■ **ACTIVITY**: Scan the data below. Pull out each line where "with" occurs.

+++ INPUT

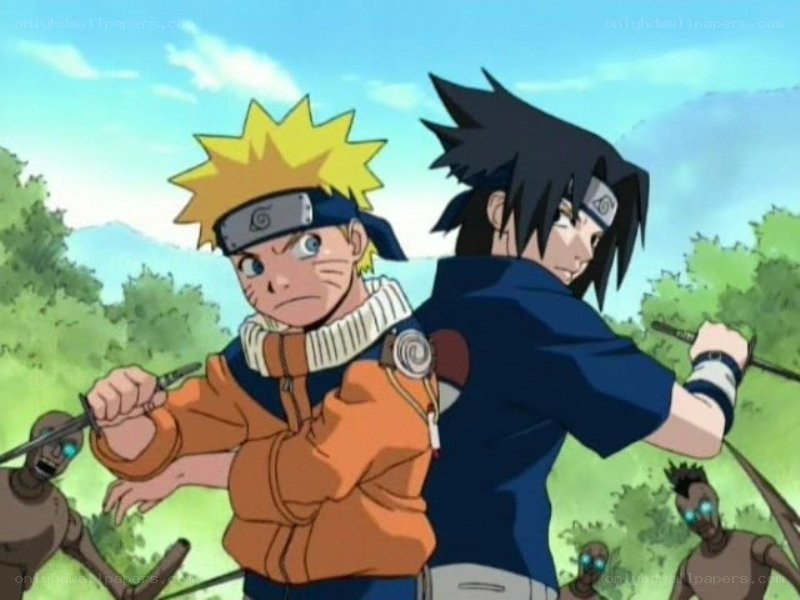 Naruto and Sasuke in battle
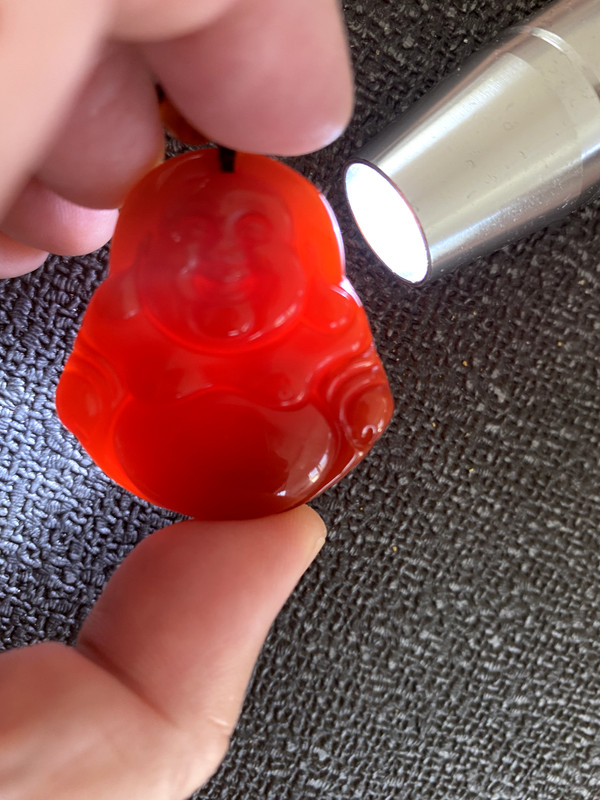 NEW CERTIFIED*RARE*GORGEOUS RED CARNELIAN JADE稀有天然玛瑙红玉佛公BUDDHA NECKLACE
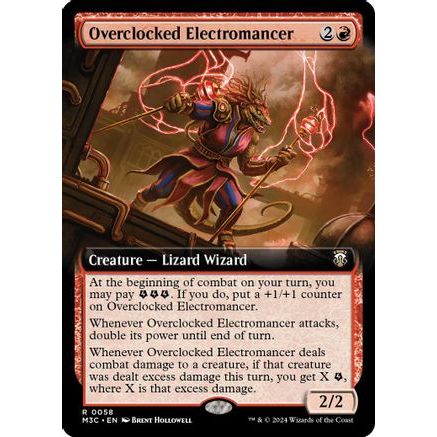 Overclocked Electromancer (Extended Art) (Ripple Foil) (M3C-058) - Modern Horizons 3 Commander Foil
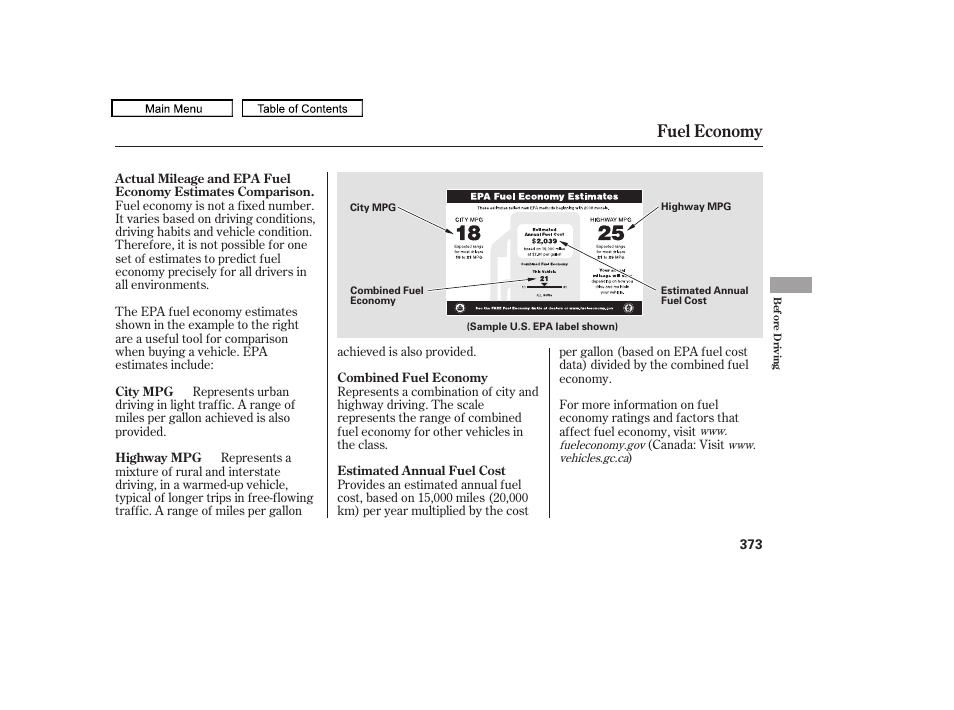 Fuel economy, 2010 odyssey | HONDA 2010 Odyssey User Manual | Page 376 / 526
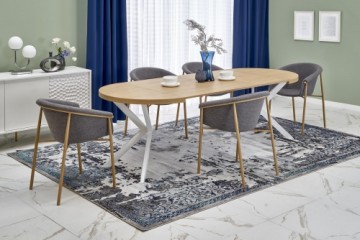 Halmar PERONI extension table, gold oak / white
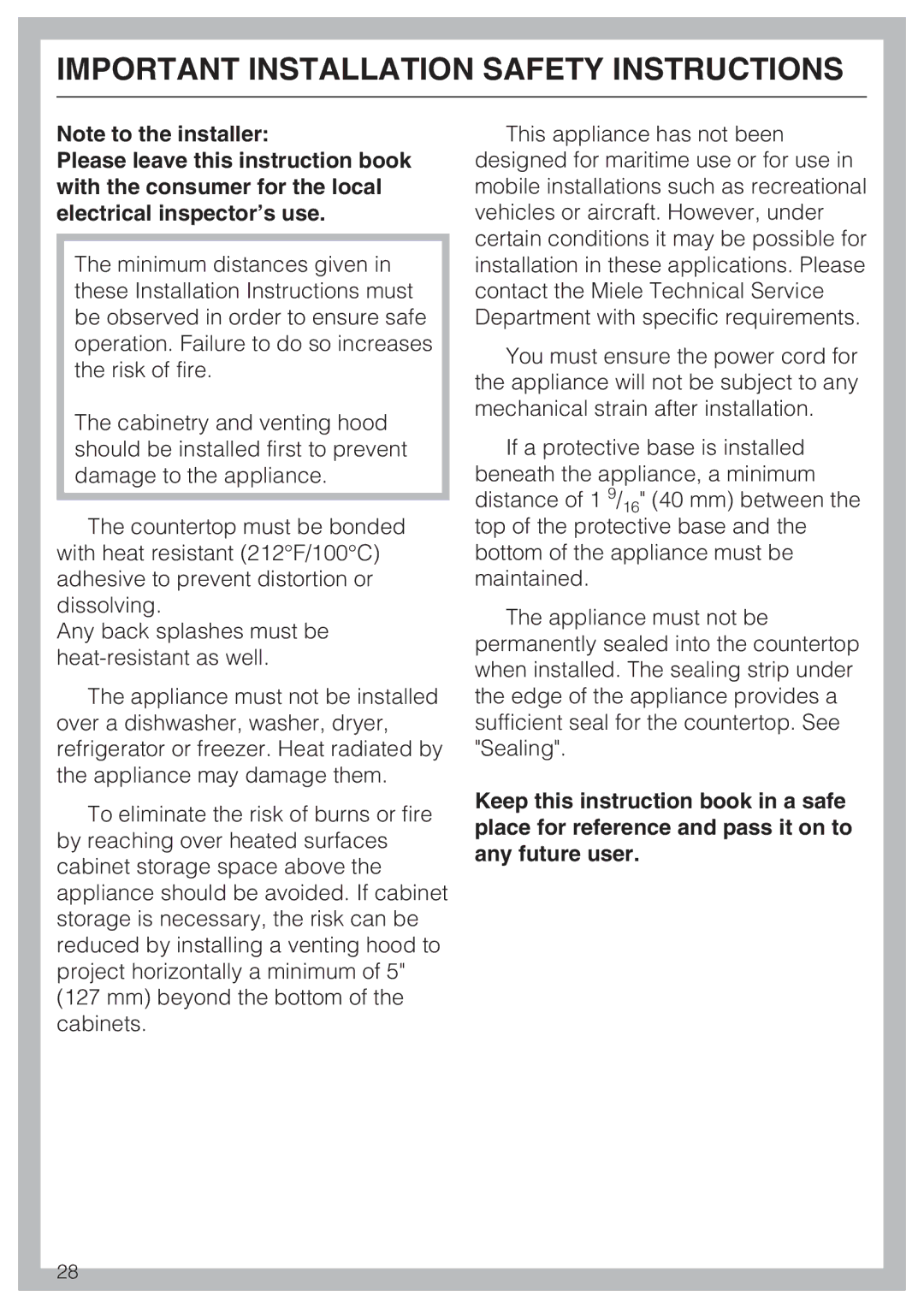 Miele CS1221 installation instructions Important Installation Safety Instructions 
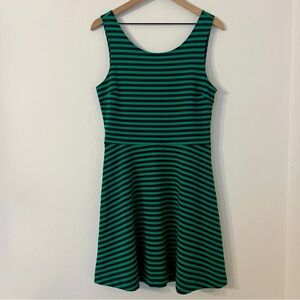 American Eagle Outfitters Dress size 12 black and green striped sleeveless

++++++
+++ INPUT

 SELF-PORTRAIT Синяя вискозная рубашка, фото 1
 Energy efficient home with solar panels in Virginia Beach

++++++
+++ INPUT

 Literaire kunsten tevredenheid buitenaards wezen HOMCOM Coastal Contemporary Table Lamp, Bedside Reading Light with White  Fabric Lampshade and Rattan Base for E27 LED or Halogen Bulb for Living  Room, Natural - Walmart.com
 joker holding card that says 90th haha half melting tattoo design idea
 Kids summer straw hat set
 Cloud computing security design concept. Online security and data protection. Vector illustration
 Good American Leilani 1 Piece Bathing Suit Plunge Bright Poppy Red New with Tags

++++++

■ **THE ANSWER**:
 Energy efficient home with solar panels in Virginia Beach
 Literaire kunsten tevredenheid buitenaards wezen HOMCOM Coastal Contemporary Table Lamp, Bedside Reading Light with White  Fabric Lampshade and Rattan Base for E27 LED or Halogen Bulb for Living  Room, Natural - Walmart.com
 Good American Leilani 1 Piece Bathing Suit Plunge Bright Poppy Red New with Tags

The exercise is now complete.